Charles WILLIAMS - L'inconnu oublié

Publié le par Athalide

Charles WILLIAMS - L'inconnu oublié

Né le 13 août 1909 à San Angelo (Texas), Charles Williams suit les cours au lycée de Brownsville. Ses études terminées, il sent en lui l’appel du large et s’engage comme opérateur radio dans la marine marchande. Durant dix ans, il sillonne les mers du globe.

Revenu sur la terre ferme, il devient inspecteur radio à Washington puis à San Francisco. En 1951, il publie son premier roman, La fille des collines (Hill Gril) inspiré par Erskine Caldwell. Il faut cependant attendre son troisième roman Bye-Bye, Bayou ! (River Girl, 1951) pour que Williams trouve ses marques et devienne en un peu moins de 24 ans un des grands auteurs de polars. Avec Peaux de bananes, sorti en 1953, il se voit décerner en France le Grand Prix de Littérature Policière 1956.
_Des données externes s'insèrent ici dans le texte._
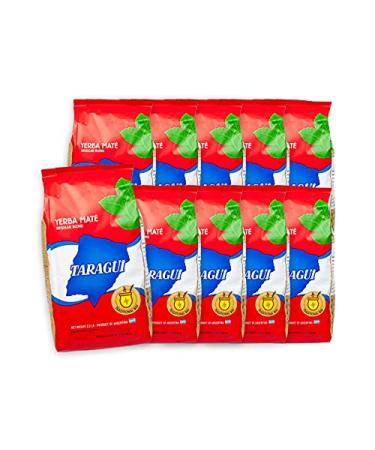 Taragui Mate Tea 10 Pack - Yerba Mate 10x1kg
Suivront, vingt-deux autres excellents romans dont Celle qu'on montre du doigt, Vivement dimanche, Mieux vaut courir (Man on the run, 1958) et surtout le très remarqué et très drôle Fantasia chez les ploucs (dont Aux urnes les ploucs constitue la suite).

Il se suicide en avril 1975 à bord du bateau où il vivait. Il laisse derrière lui une œuvre très importante et de grande qualité que beaucoup de cinéastes ont adaptée (de Marcel Ophulsà Dennis Hoper en passant par François Truffaut).

Charles Williams, oublié aux USA et presque ignoré en France, doit pourtant être considéré comme une des figures majeures du polar. Son œuvre riche et variée, constituée de romans haletants et inspirés avec leurs personnages convaincants est incontournable, et à la différence de beaucoup d’écrivain, il n’y a quasiment rien à jeter chez cet auteur.


Bibliographie

1951

- Hill gril,1951, (La fille des collines)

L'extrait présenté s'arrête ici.